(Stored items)
• • • • • • •

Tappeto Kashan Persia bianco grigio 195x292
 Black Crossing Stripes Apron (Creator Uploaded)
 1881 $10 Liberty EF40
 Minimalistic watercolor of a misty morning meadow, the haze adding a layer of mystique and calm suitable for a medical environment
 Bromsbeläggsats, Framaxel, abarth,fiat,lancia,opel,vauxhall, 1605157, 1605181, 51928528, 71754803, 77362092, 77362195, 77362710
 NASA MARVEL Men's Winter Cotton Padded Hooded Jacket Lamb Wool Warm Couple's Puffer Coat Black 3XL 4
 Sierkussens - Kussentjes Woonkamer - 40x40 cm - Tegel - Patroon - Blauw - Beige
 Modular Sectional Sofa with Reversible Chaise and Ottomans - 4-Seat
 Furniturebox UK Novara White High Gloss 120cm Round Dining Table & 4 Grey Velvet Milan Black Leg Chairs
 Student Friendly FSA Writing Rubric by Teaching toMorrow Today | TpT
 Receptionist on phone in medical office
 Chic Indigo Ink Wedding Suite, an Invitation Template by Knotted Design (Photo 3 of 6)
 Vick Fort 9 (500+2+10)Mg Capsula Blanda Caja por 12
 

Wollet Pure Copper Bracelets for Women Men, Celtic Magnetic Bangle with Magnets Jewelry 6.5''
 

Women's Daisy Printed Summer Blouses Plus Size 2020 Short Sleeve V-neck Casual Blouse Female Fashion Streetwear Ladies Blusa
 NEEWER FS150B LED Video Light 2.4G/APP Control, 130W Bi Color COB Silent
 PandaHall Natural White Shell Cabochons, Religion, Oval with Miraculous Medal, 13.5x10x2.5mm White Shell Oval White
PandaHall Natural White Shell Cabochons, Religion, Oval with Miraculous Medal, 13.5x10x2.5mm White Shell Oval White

• • • • • • •

TRY IT
With nothing omitted, set down all of the records again.

RESULT FOR THIS EXERCISE
Tappeto Kashan Persia bianco grigio 195x292
 Black Crossing Stripes Apron (Creator Uploaded)
 1881 $10 Liberty EF40
 Minimalistic watercolor of a misty morning meadow, the haze adding a layer of mystique and calm suitable for a medical environment
 Bromsbeläggsats, Framaxel, abarth,fiat,lancia,opel,vauxhall, 1605157, 1605181, 51928528, 71754803, 77362092, 77362195, 77362710
 NASA MARVEL Men's Winter Cotton Padded Hooded Jacket Lamb Wool Warm Couple's Puffer Coat Black 3XL 4
 Sierkussens - Kussentjes Woonkamer - 40x40 cm - Tegel - Patroon - Blauw - Beige
 Modular Sectional Sofa with Reversible Chaise and Ottomans - 4-Seat
 Furniturebox UK Novara White High Gloss 120cm Round Dining Table & 4 Grey Velvet Milan Black Leg Chairs
 Student Friendly FSA Writing Rubric by Teaching toMorrow Today | TpT
 Receptionist on phone in medical office
 Chic Indigo Ink Wedding Suite, an Invitation Template by Knotted Design (Photo 3 of 6)
 Vick Fort 9 (500+2+10)Mg Capsula Blanda Caja por 12
 

Wollet Pure Copper Bracelets for Women Men, Celtic Magnetic Bangle with Magnets Jewelry 6.5''
 

Women's Daisy Printed Summer Blouses Plus Size 2020 Short Sleeve V-neck Casual Blouse Female Fashion Streetwear Ladies Blusa
 NEEWER FS150B LED Video Light 2.4G/APP Control, 130W Bi Color COB Silent
 PandaHall Natural White Shell Cabochons, Religion, Oval with Miraculous Medal, 13.5x10x2.5mm White Shell Oval White
PandaHall Natural White Shell Cabochons, Religion, Oval with Miraculous Medal, 13.5x10x2.5mm White Shell Oval White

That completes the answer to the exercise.